Auto industry analysts and officials say the rise in the prime rate will have little or no negative effect on low-interest sales incentive programs and new car sales.

Domestic auto makers anticipated an increase in interest rates and began securing long-term loans to back their incentive programs, which give car buyers rates as low as 1.9 percent on their loans.

"That kind of change {in the prime rate} really makes no difference as far as our new car sales are concerned," said Ford Motor Co. spokesman Tom Foote. "It would take a sustained rise in the prime rate to make a difference."

Don Hilty, economist for Chrysler Corp., said "I don't think it {the rise in the prime} is going to change our sales direction that much."

"We're going to continue to have incentives," he said. Rising interest rates "just emphasize that incentives will continue," Hilty said. The rise in prime "might even increase sales in the short term" by encouraging people to buy a car now "before commercial loan rates get even higher," Hilty said.

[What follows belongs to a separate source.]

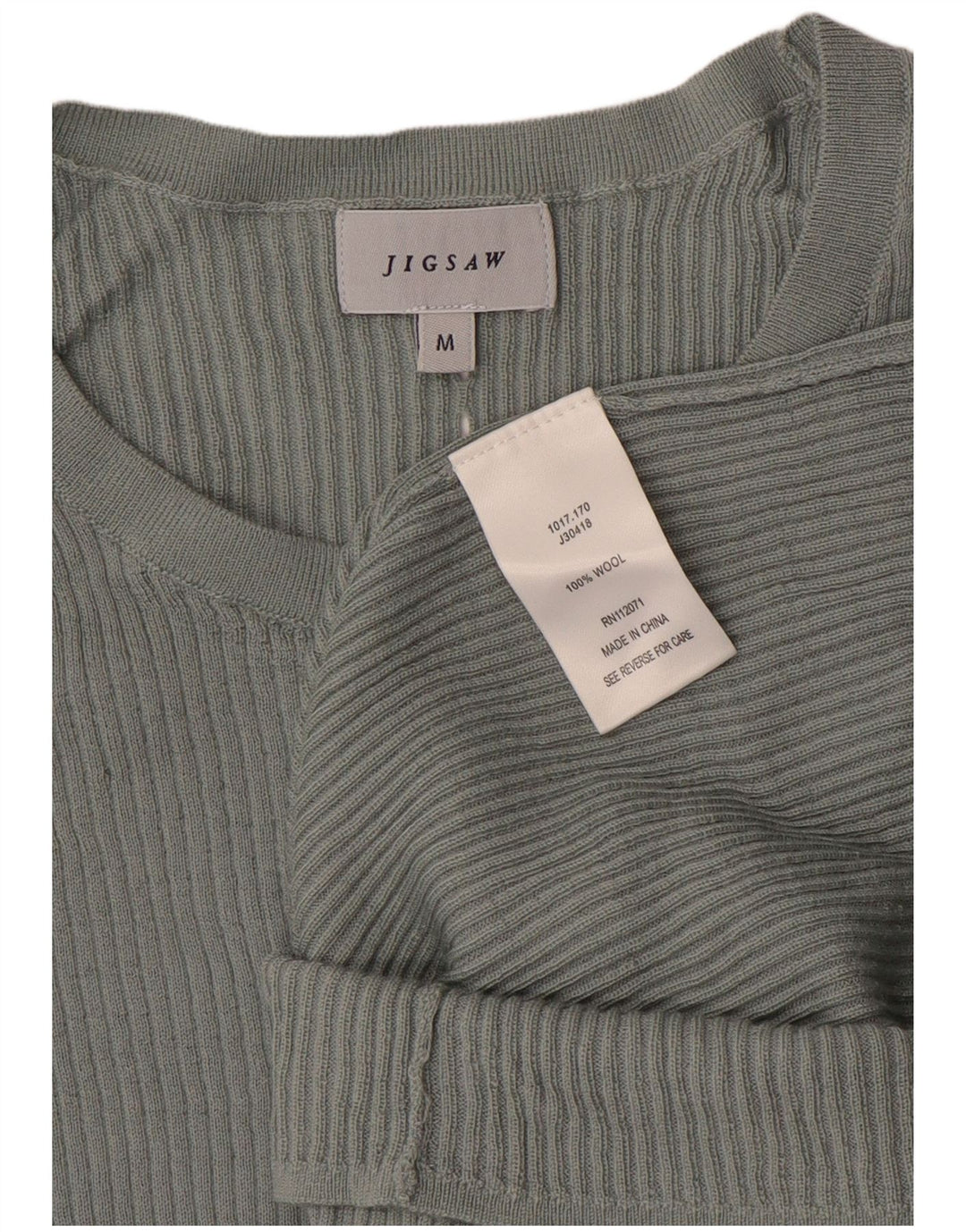 Женский джемпер с вырезом «лодочка» JIGSAW, Великобритания 12, шерсть среднего серого цвета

"A one-shot jump in the prime doesn't make much of a difference," said Alicia M. Scott, senior economist for Merrill Lynch Economics Inc.

"Then, again, if commercial loan rate continue to go up, that could make the incentives all the more attractive to buyers. But if there is a really big jump in prime, that would increase the cost of sales incentives programs, and companies like General Motors might start thinking twice about offering a real low incentive rate," Scott said.